# MATERIALS PROVIDED
::::::

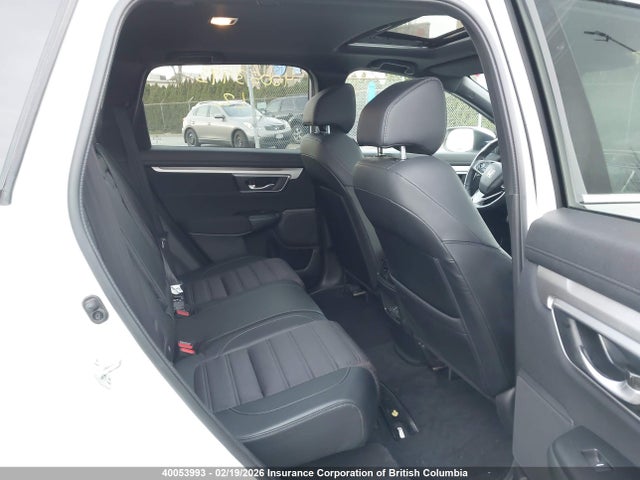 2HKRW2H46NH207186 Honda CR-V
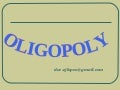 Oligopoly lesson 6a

::::::

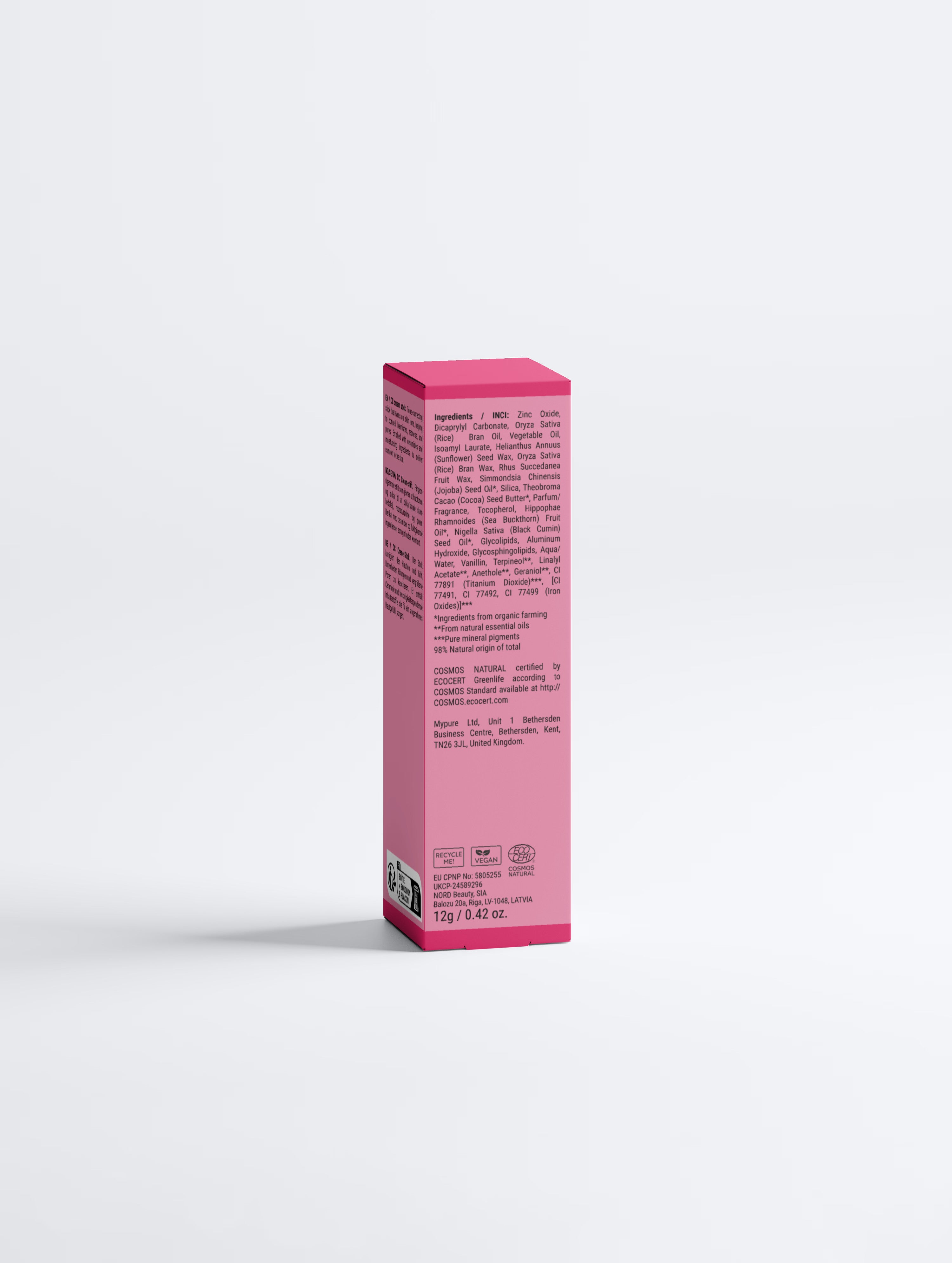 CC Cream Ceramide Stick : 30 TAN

::::::

# INSTRUCTIONS TO FOLLOW
With the pictures omitted, copy the entries above exactly from the line containing "2HKRW2H46NH207186 Honda CR-V" through the line containing "Oligopoly lesson 6a", both lines included.

# SOLUTION BELOW
 2HKRW2H46NH207186 Honda CR-V
 Oligopoly lesson 6a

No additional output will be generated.